Final Accounts, Parternships and Companies

Under the traditional approach assets are shown as debit balances and liabilities and equities are shown as credit balances. Increases in assets are recorded as debits and decreases as credits; reverse for liabilities and equities.

An advantage of the worksheet approach is that we know at the end of an excerisie whether the accounts are balanced. In the traditional 'T' accounts we have to extract this from a trial balance, a statement of all financial accounts and their debit or credit balances to ensure equality. Transactions were traditionally entered into a journal before being transferred to a ledger.

Differences between the traditional journal and ledger and modern worksheet approach are not differences in principle.

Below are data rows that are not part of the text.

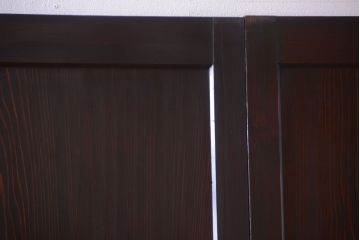 古民具・骨董　明治期　古い木味のアンティーク帯戸4枚セット(3)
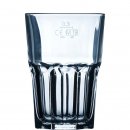 Geeichtes und stapelbares Longdrinkglas Granity von Arcoroc mit einem Inhalt von 35 Zentiliter und Füllstrich bei 0,3 Liter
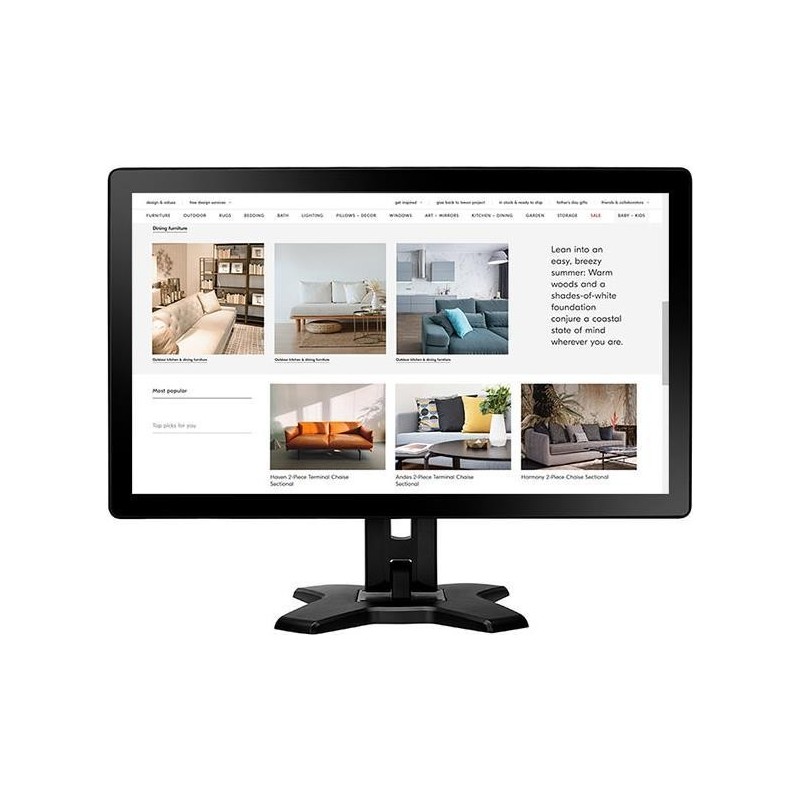 AG Neovo TX-2401 60,5 cm (23.8" ) 1920 x 1080 Pixel Full HD LED Touchscreen Tisch Schwarz (TX241011E0100)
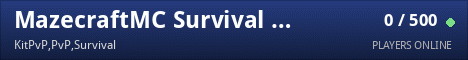 MazecraftMC Survival S3 KitPvP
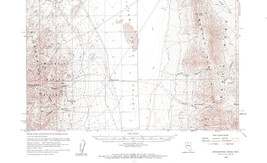 Awakening Peak Quadrangle Nevada 1958 Map Vintage USGS 15 Minute Topographic - £13.23 GBP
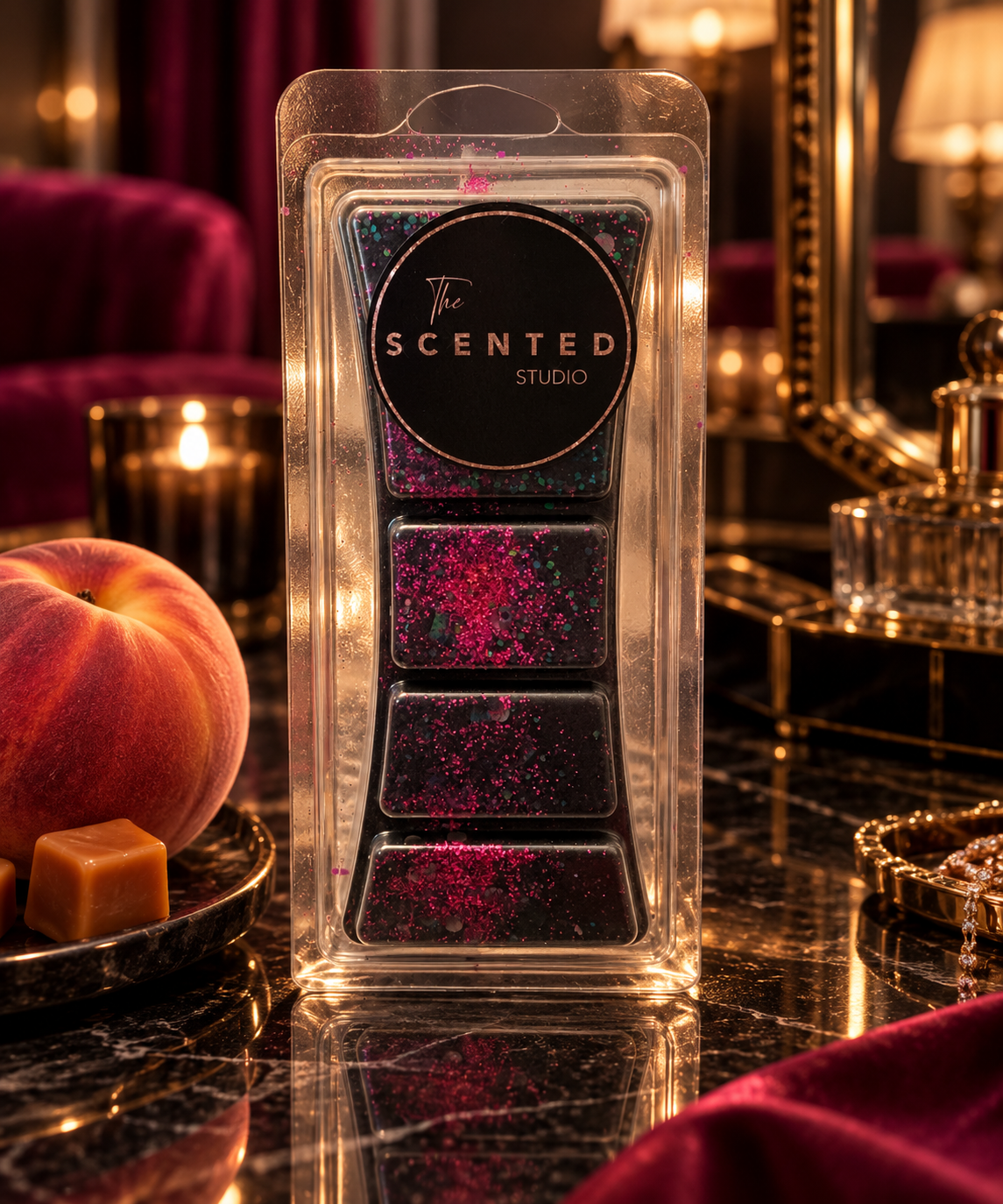 Lenny Lavish Unstoppables Wax Melt & Home Fragrance – Unstoppables Inspired Peach, Vanilla & Caramel Scent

Different organisation structure affects the preparation of final accounts; a partnership is easily formed by two or more people by written or verbal agreement, with limited rules - not subject to the Corporations Act , not usually required to prepare financial statements, distributes requirements of skills and capital among the partners, and may have income tax advantages as it is not a separate legal entity. A partnership has a limited life, unlimited liability and mutual agency. The main and obvious typical accounting difference is the distribution statement.

In contrast companies can be private (limited by shares or unlimited with share capital), public (limited by shares, limited by guarantee unlimited with share capital, or no liability). Private or Proprietary companies must be between one and fifty members, must have Proprietary or Pty Ltd after their legal name, usually family companies. A small proprietary company has two of the three of; sales less than $10 million, asets of less than $5 million, fewer than 50 employees. Small Pty Ltd companies are not generally required to prepare audited financial statements. All others are required to lodge such statements with the ASIC, unless granted an exemption.

Public companies have at least one member with no maximum. It can invite members to subscribe to shares or debentures. Must have the words Ltd after the company name. Is subject to the Company Act. Limited by Guarantee means the members undertake to provide a guaranteed amount of money in the event of liquidation; such a company does not have share capital. Usually used for sporting clubs and not-for-profits. Unlimited liabilityes means all members are liable for all debts; not common in Australia although some mutual funds are organised this way. No liabilities companies is restricted to mining companies has the word or acrynom NL as part of the company name.

Companies are separate legal entities with limited liability (limited to value of shares). They are capable of raising mor capital, ownership is easily transferred, there is no mutual agency (shareholders cannot enter contracts that would bind the company), typically has professional management and continious existence.

The major difference in company financial statements is that there is invariably comparative figures from the previous years as well as references. The balance sheet of a company includes shareholder's equity; paid up capital, retained profits and reserves. Unlike a partnership or sole trader, a company is required to pay taxation.